Teammates not surprised by Rams DE Robert Quinn's hot start
ST. LOUIS -- After he dragged down Carson Palmer three times, twice knocking the ball from the Arizona quarterback's hand in the process, Robert Quinn's phone went off.
"He texted me, and we were going back and forth for a while," Quinn says Wednesday. "He was like, 'You know, if you keep that up ...' I was like, Come on, really?"
The soft-spoken Quinn laughs, then explains one of his agents, Sean Kiernan, crunched the numbers after the Rams beat the Cardinals. If the right defensive end could continue a pace of three sacks per game, he could snap Michael Strahan's single-season sack record (22.5) in no time.
"He was doing the math for me," Quinn said. "I don't realize how realistic 27 sacks in nine weeks can really be. But hey, if it happens, it happens."
Chances are it won't. But Quinn's shining start -- he now leads the league in sacks and forced fumbles -- still made a statement. On Wednesday, he was named NFC defensive player of the week.
The honor is another piece of tangible proof that backs up a theory Quinn's teammates have been swearing by for quite some time. Quinn is on the rise, they say. Just watch. You will see.
"Probably the first day he was here and we did one-on-one pass rush," Rams left defensive end Chris Long says. "Just seeing him bend the corner. Anybody can see it. I believe nobody in the game can turn the corner like him. I really do."

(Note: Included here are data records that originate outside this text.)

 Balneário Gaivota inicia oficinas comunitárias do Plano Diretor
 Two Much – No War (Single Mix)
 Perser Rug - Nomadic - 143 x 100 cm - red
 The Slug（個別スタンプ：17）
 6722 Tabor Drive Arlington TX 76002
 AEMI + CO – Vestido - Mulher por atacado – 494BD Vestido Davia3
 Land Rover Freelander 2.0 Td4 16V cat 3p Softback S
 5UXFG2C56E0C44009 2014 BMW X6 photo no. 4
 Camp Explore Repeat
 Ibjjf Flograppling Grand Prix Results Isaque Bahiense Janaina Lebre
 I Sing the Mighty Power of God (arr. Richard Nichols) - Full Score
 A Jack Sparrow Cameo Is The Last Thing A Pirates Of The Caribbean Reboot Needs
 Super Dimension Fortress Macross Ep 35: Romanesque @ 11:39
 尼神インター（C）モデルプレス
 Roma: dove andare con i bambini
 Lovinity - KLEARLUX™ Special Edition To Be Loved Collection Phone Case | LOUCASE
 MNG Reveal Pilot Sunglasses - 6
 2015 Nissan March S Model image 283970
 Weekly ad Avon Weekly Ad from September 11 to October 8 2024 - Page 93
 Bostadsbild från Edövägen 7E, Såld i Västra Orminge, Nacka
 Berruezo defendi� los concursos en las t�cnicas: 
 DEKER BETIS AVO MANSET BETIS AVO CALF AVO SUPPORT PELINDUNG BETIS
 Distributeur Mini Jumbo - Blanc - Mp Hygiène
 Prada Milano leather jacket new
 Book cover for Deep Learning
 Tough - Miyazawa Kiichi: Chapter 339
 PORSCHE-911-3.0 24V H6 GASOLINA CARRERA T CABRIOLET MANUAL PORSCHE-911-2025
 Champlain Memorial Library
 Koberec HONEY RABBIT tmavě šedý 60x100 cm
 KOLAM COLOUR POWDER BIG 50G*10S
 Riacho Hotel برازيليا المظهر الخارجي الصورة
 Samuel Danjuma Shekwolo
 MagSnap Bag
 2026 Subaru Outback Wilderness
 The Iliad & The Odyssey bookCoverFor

Long, 28, led the Rams with 11.5 sacks in 2012. He will tell you his game has, for the most part, peaked. But Quinn, 23, is a different story.
"Between me and Rob, I've always said there's no contest between who the better pass rusher is and who the better player is," Long said. "He is going to be something special. You are just seeing the tip of the iceberg."
Quinn's bend is his best asset. A wrestler in high school, his 6-foot-4, 265-pound frame possesses a balance and flexibility that can seem downright unfair. That athleticism helped him earn five sacks as a non-starter his first year, and 10.5 in 2012.
"A lot of tackles are tall guys," Rams defensive tackle Michael Brockers said. "They can't get that low. He just runs around them because he is so fast. That combination of him having a low center of gravity, being 6-4, and being able to bend as well as he can really frustrates tackles."
Quinn has worked to increase that frustration. The natural pass rusher has improved against the run so he can spend more time on the field. And his natural tendency to get to quarterbacks has been sharpened thanks to a repertoire of moves he's learned since landing in St. Louis, moves that were on full display when he tormented Cardinals' tackle Levi Brown last weekend.
"I'm starting to incorporate more of an inside move, working a chop and club, stuff like that," Quinn said. "Just diversifying to be a better pass rusher. That way an offensive lineman doesn't just have to focus on one thing."
Three sacks per game is impossible, right?
Quinn thinks so.
But his teammates on the defensive line like to brag. They've been predicting this rise. They're not about to set a ceiling.
"I don't want to throw out numbers," Brockers says. "I don't want to put a target on his back. But, you know, if he keeps this up, rushing the passer as well as he can, who knows if he can break it, sustain it?"